EXERCISE BRIEF
Once you find the line with "تعویض-مفصل-زانو", transcribe it and all the lines that follow to the end of the data, exactly as written; skip any pictures.

DATA FOR ANALYSIS

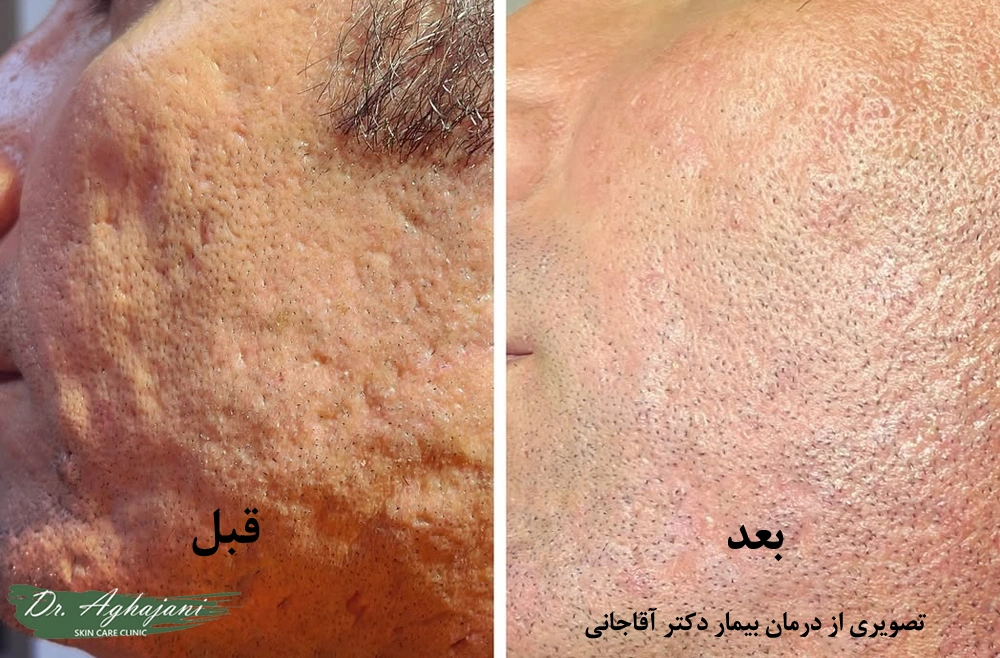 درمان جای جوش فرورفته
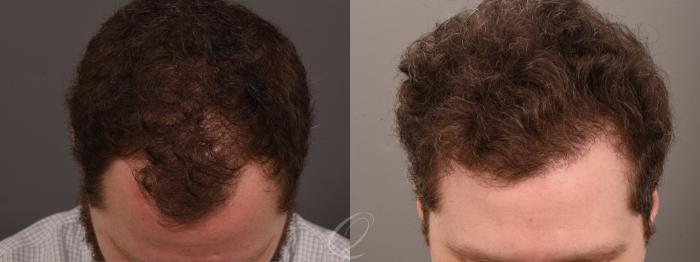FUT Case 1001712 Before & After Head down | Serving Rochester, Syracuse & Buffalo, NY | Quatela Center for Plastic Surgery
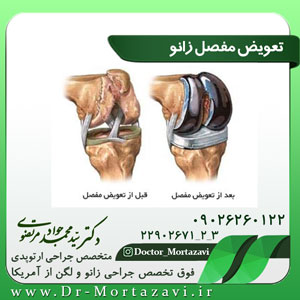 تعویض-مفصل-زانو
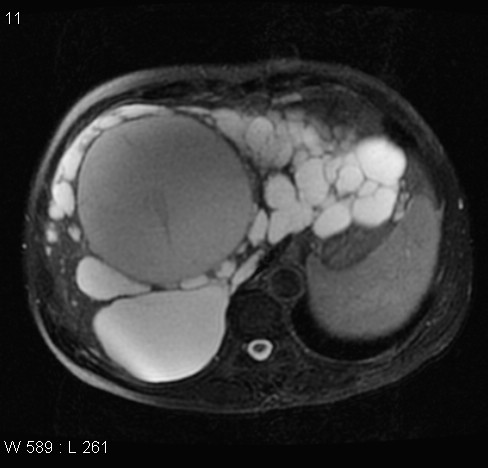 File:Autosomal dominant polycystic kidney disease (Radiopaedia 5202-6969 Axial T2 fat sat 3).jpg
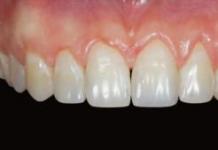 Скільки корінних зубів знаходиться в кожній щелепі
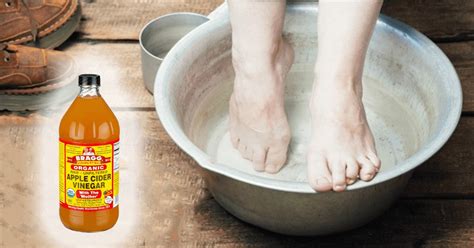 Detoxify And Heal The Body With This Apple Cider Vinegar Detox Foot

FINISHED TASK
 تعویض-مفصل-زانو
 File:Autosomal dominant polycystic kidney disease (Radiopaedia 5202-6969 Axial T2 fat sat 3).jpg
 Скільки корінних зубів знаходиться в кожній щелепі
 Detoxify And Heal The Body With This Apple Cider Vinegar Detox Foot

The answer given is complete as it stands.